The byte order varies a bit depending on the software/device that generates it. Those numbers only refer to how the original data is sampled.
The wikipedia is your friend: http://en2.wikipedia.org/wiki/YUV
However, typically 4:2:2 is ordered u1y1v1y2u3y3v3y4u5y5v5y6 …
Note that the wikipedia has this wrong. The way the wikipedia describes it here, it would appear as if the U & V samples align with different luma samples. That is generally NOT the case.
4:2:0 is usually represented in memory in a planar format, one buffer of Y, one of U, one of V, with the U & V buffers being 1/4 the size of the Y buffer.
These formats also don’t specify the number of bits per sample. Typically the sampling is 8-bit for each component, but there may be times when more bits are used to avoid banding, or loss during processing.
4:4:4 would be the YUV equivalent of RGB, One byte for each component per pixel.
4:2:2 has one sample of Y per pixel, and U & V are sampled at half the horizontal bandwidth, so there are half the samples.
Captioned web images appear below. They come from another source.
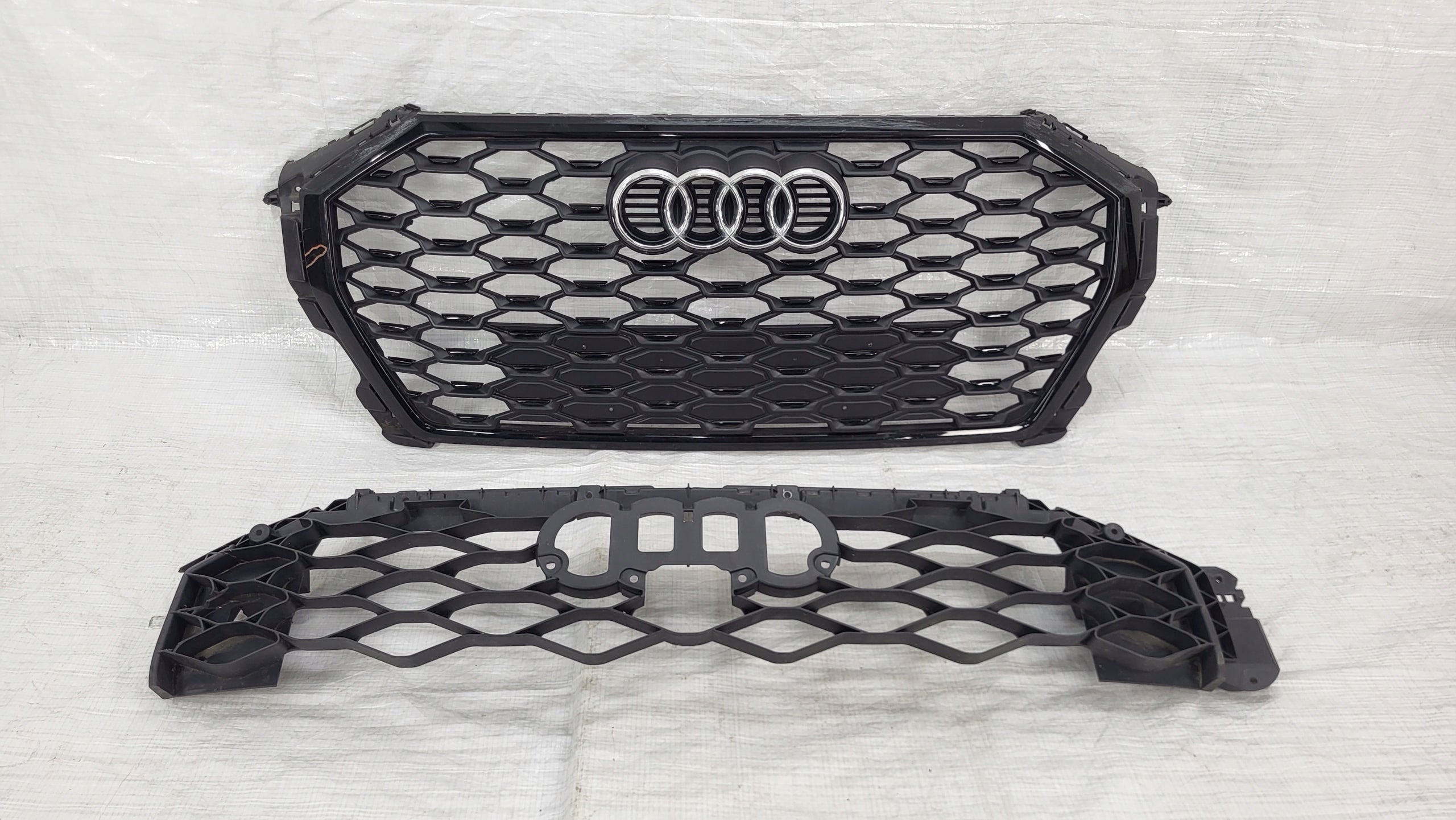 Kühlergrill Audi Q3 FRONTGRILL 83F853651B Kühlergitter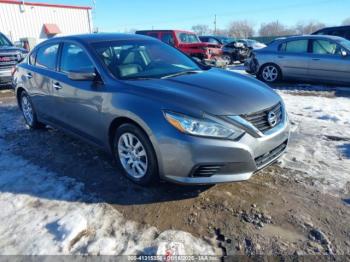  Salvage Nissan Altima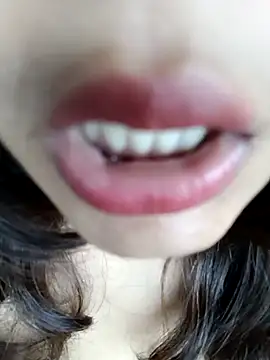 Hott Muskan online show from 09.22.25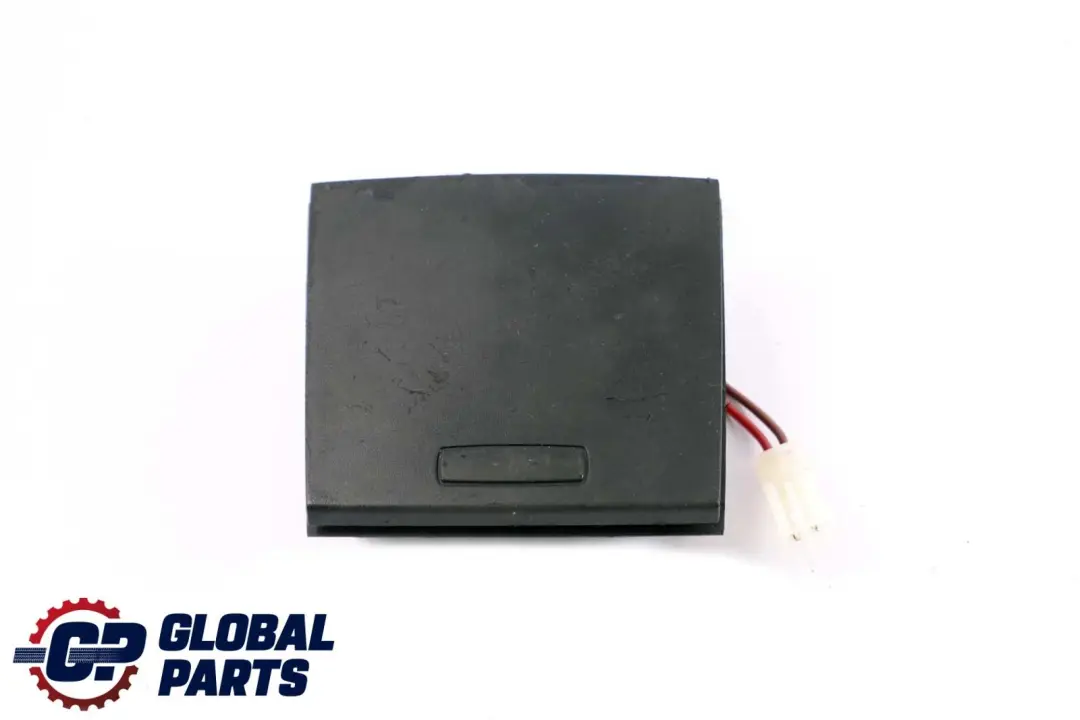 E83N Osłona Obudowa Gniazdo Zapalniczki 3428288 do BMW X3 E83 LCI o numerze 3428293 BMW X3 E83 LCI E83N Osłona Obudowa Gniazdo Zapalniczki 3428288 - SKU 3428293 - Numer Części 3428293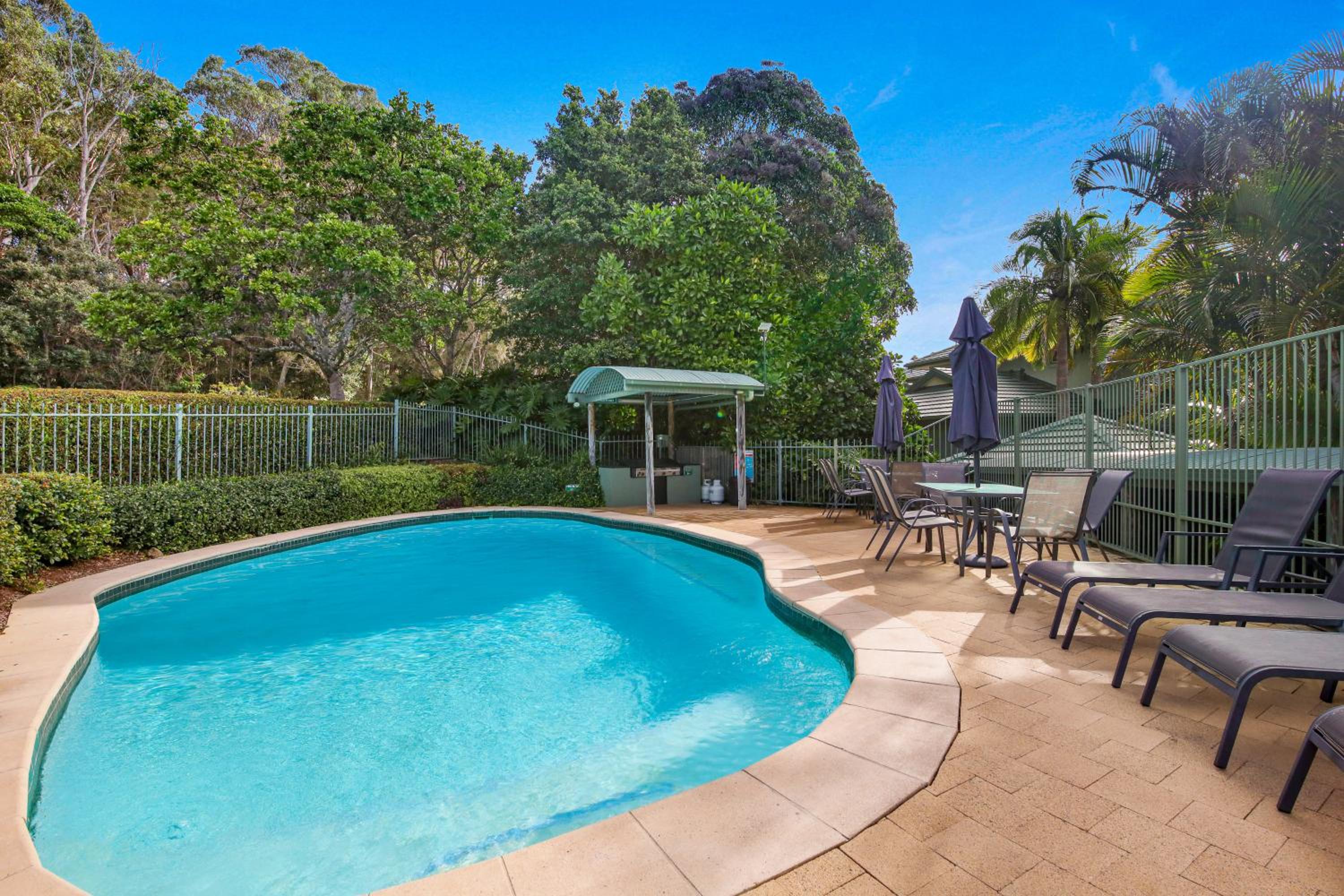 Elvis Romance At The Beach - LUXURY RESORT STAY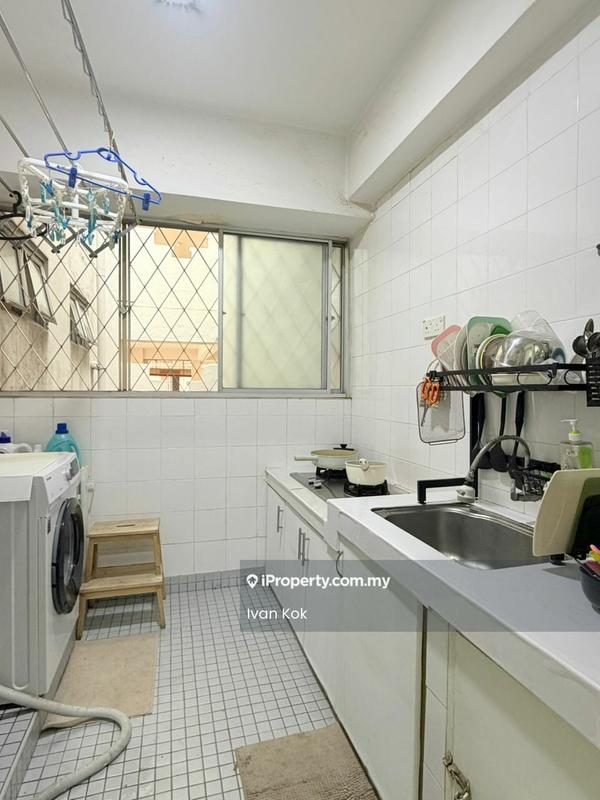 Condominium for Sale in Kelana Puteri by Ivan Kok - Kitchen - iProperty.com.my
4:1:1 is like 4:2:2, but the U & V are sampled at one quarter of the horizontal bandwidth.
4:2:0 has the same amount of samples as 4:1:1, but the U & V are samples at half the bandwidth in both the horizontal and vertical directions, resulting in the same total of 1/4 the numebr of samples as the luma.
There was a really nice diagram on the net that showed all of this, I thought it was in the wikipedia, but I can’t find it now.